A ideia de perda histórica é, portanto, muito questionável e, mais ainda, passível de crítica a partir de um olhar que não se limite à miopia da quadra. A insistência na construção de uma história sem contradições, sem complexidades e, sobretudo, sem violências, distorce o passado e, ao contrário do aludido nos poucos parágrafos escritos para a claque das redes sociais, não contribui para uma cidade “mais humana, plural e com memória”. Memória de quem, de uma minoria branca? Plural para quem, descartadas relações de consumo estético?
Depois de mais uma década falando de trens marginalizados sem conquistar o famigerado “sonho da casa própria”, estou farto de ver, todos os dias, a repetição do mesmo filme: gente reacionária que acha que supervaloriza casinhas bonitinhas, romantiza a paisagem e, com ou sem consciência, defende uma cidade com morfologias de baixa densidade e, portanto, baixa capacidade de acolhimento de moradores, extremamente cara e com transporte coletivo de viabilidade duvidosa. A memória de São Paulo não pode ser reduzida a um “apartheid sobradista” adoçado pela estética.

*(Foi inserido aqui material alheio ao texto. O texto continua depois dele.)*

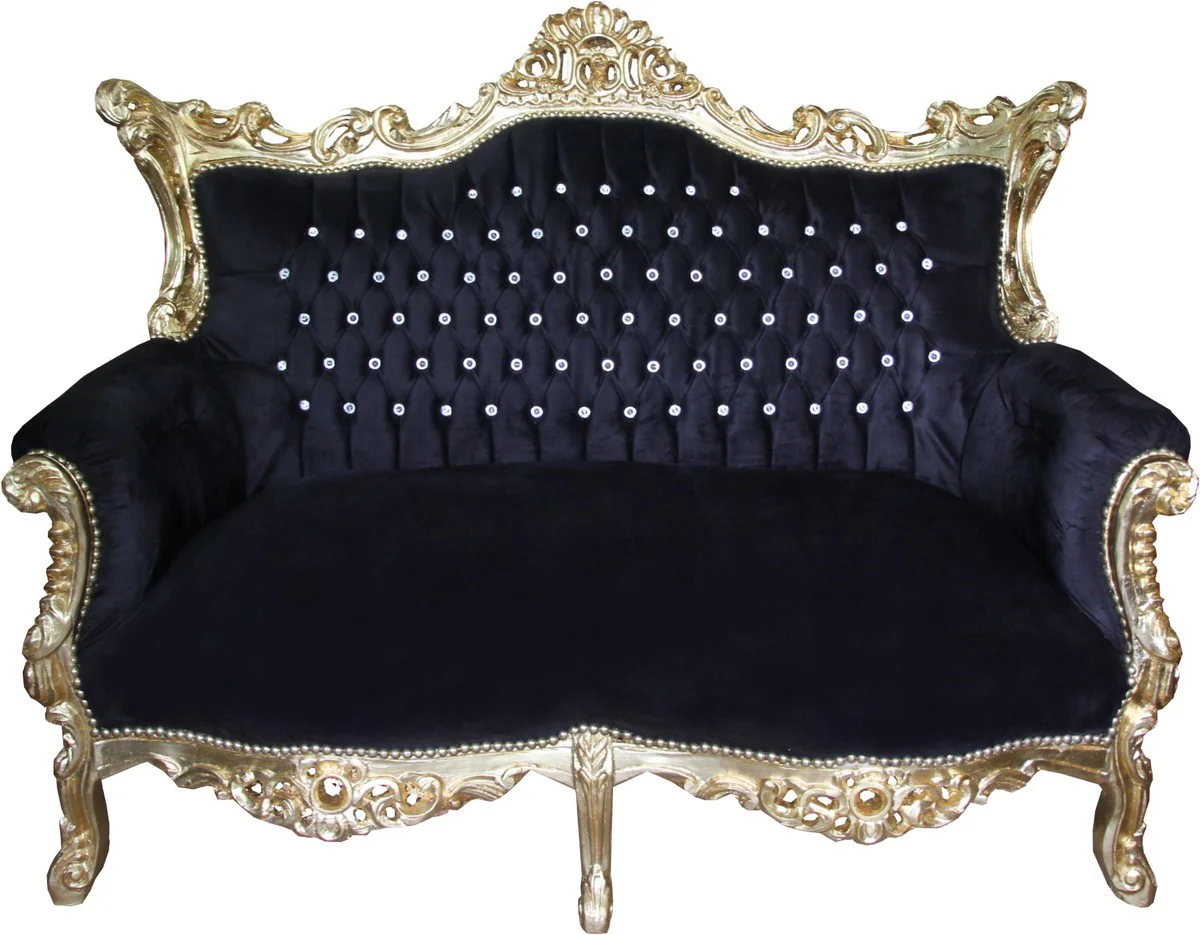 Casa Padrino barroco de dos plazas sof¨¢ Maestro Negro / oro con diamantes de imitaci¨®n el bling bling de grandes - Muebles antiguos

O debate continua refém de preservacionismos duvidosos e caçadores de falsos oásis, enquanto políticas tributárias, tais como impostos progressivos, penalizando propriedades ociosas para fins especulativos, seguem no limbo, para não falar da situação escandalosa do transporte sobre trilhos em meio às pretensões privatizantes do atual governador, Tarcísio de Freitas (Republicanos).
Francamente, parece que tem mais gente querendo “micro-feudos” na forma de condomínios fechados com padrões construtivos conservadores e colonialistas, mas que não está sabendo pedir.